Jika petani didominasi oleh orang yang sudah berumur bisa jadi siswa SD tersebut adalah bagian dari generasi terakhir petani saat ini. Karena anak petani yang “berumur” tersebut mungkin sudah lebih tua dari anak SD sehingga tidak sekolah di SD. Dan jika benar petani tidak menginginkan anaknya menjadi petani bisa jadi di masa yang akan datang negara ini kekurangan petani. Kondisi tersebut diperparah dengan pertambahan penduduk yang tak terkendali sehingga memunculkan beberapa prediksi. Pertama,untuk memenuhi kebutuhan pangan penduduk pertanian digenjot secara intensif menggunakan bahan sintetis sehingga menghasilkan pangan yang tidak sehat dan juga menyebabkan kerusakan lingkungan. Pangan yang tidak sehat juga menyebabkan penurunan kualitas generasi harapan masa depan. Kedua, negara ini terus diberi label ironis karena mendatangkan pangan dari negara lain padahal kaya akan sumber pangan. Dan terakhir bisa terjadi kelaparan di negara ini.

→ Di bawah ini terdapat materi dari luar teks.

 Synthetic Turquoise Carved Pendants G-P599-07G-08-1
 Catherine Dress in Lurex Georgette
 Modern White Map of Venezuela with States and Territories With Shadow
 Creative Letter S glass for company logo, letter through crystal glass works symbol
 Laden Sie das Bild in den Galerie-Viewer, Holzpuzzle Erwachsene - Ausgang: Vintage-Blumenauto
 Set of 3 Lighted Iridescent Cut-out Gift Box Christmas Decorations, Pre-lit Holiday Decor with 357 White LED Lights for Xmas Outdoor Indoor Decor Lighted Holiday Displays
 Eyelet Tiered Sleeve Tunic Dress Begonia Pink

Saya menyadari bahwa saya juga bagian dari generasi harapan masa depan. Melihat keadaan seperti diatas, saya dan beberapa teman melakukan eksperimen terhadap siswa-siswa di salah satu SD di Piyungan yang bertujuan untuk mengatasi permasalahan tersebut. Bukan berarti mengajak siswa SD tersebut menjadi petani tetapi mengajak kita semua agar bisa memenuhi kebutuhan pangan sendiri serta mampu “berdiri dengan kaki kita sendiri”. Kegiatan tersebut dikemas dengan menarik tetapi tidak meninggalkan kegiatan belajar mereka di kelas. Selama februari ini kita akan bermain dengan anak-anak SD disana dan sedikit banyak menyisipkan gagasan untuk mengatasi masalah tersebut. Semoga ini menjadi langkah awal untuk perubahan yang lebih baik.

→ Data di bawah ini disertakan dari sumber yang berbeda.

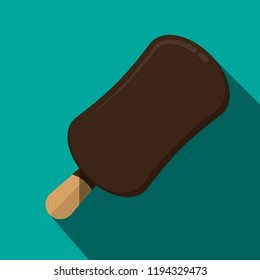Chocolate ice cream vector flat design.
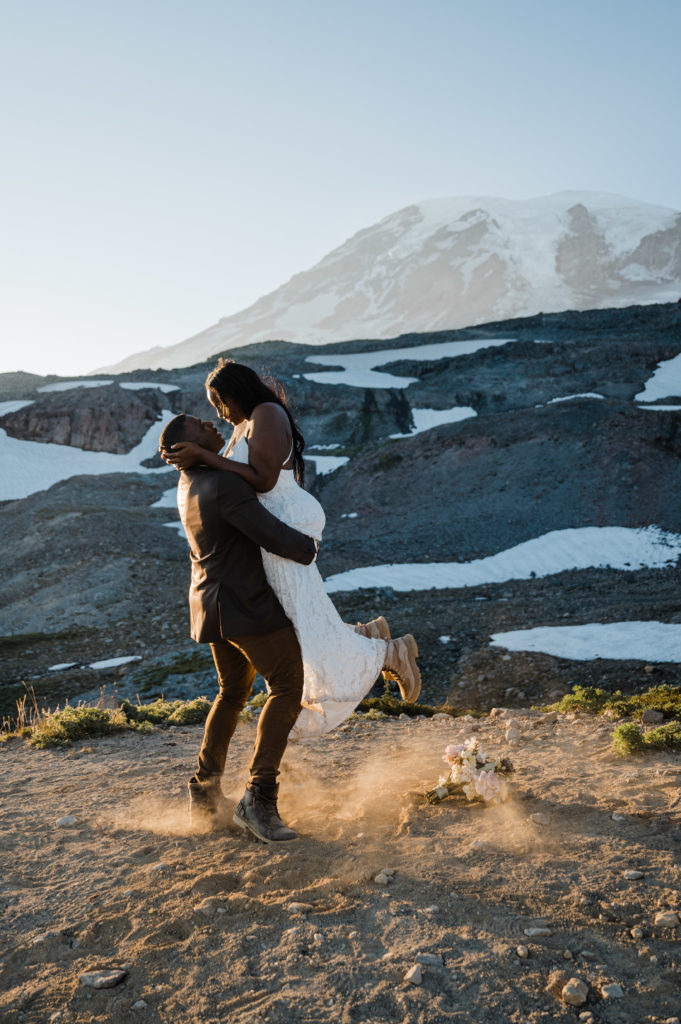 Hiking elopement at Mt. Rainier National Park, Washington State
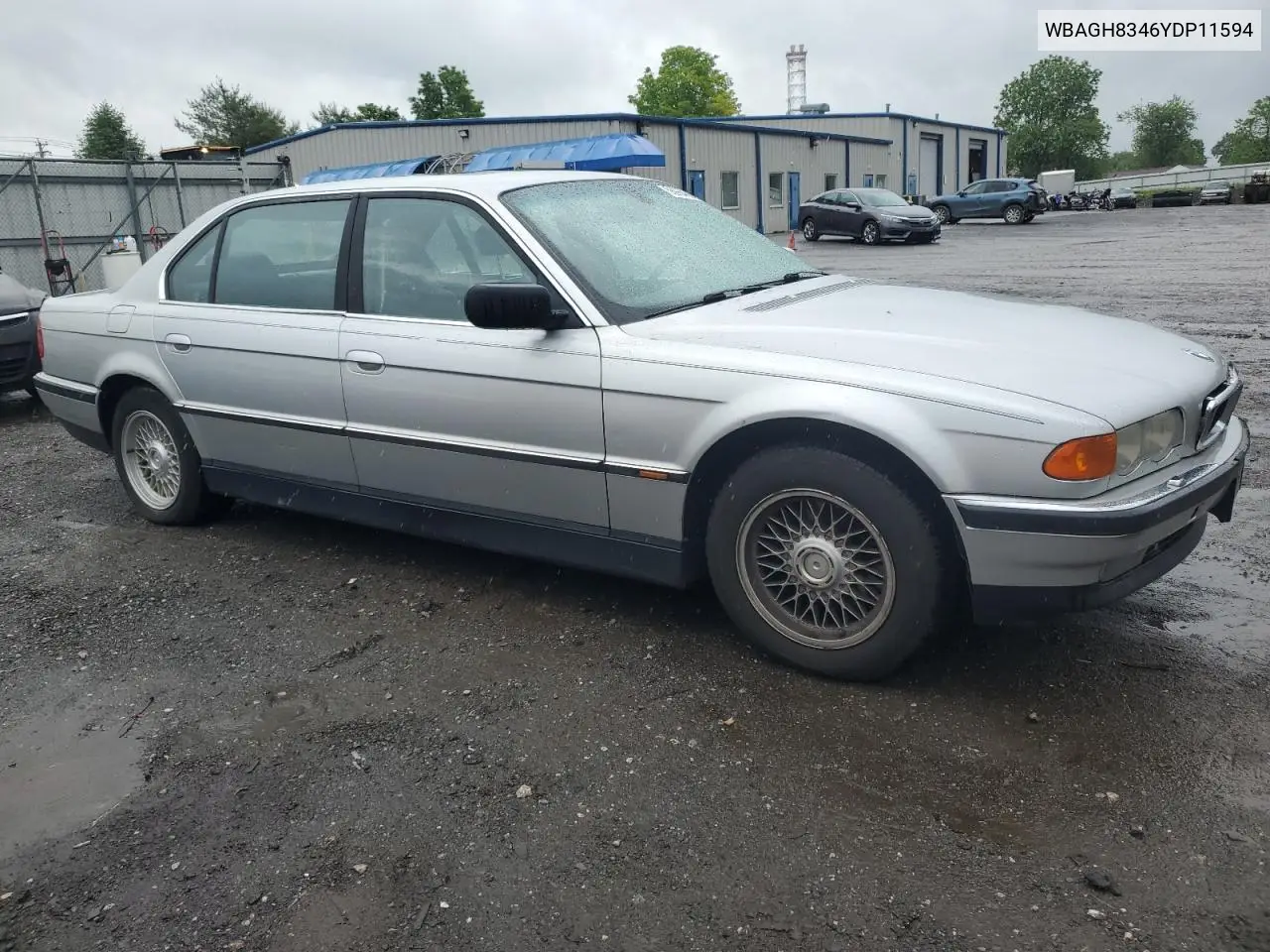 2000 BMW 740 Il VIN: WBAGH8346YDP11594 Lot: 56964665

Di akhir pertemuan dengan anak-anak SD hari ini, saya mencoba menghilangkan rasa tidak percaya tersebut lalu mengajak mereka untuk memberikan tepuk tangan kepada anak-anak yang orang tuanya bekerja sebagai petani. Mereka masih belum paham mengapa harus diberikan tepuk tangan, lalu saya jelaskan “Selain guru ada juga pahlawan tanpa tanda jasa yakni petani, mereka menghasilkan pangan untuk kita semua, coba bayangkan jika tidak ada petani kita mau makan apa…?” Kemudian mereka memberikan tepuk tangan lagi, kali ini lebih kencang suaranya.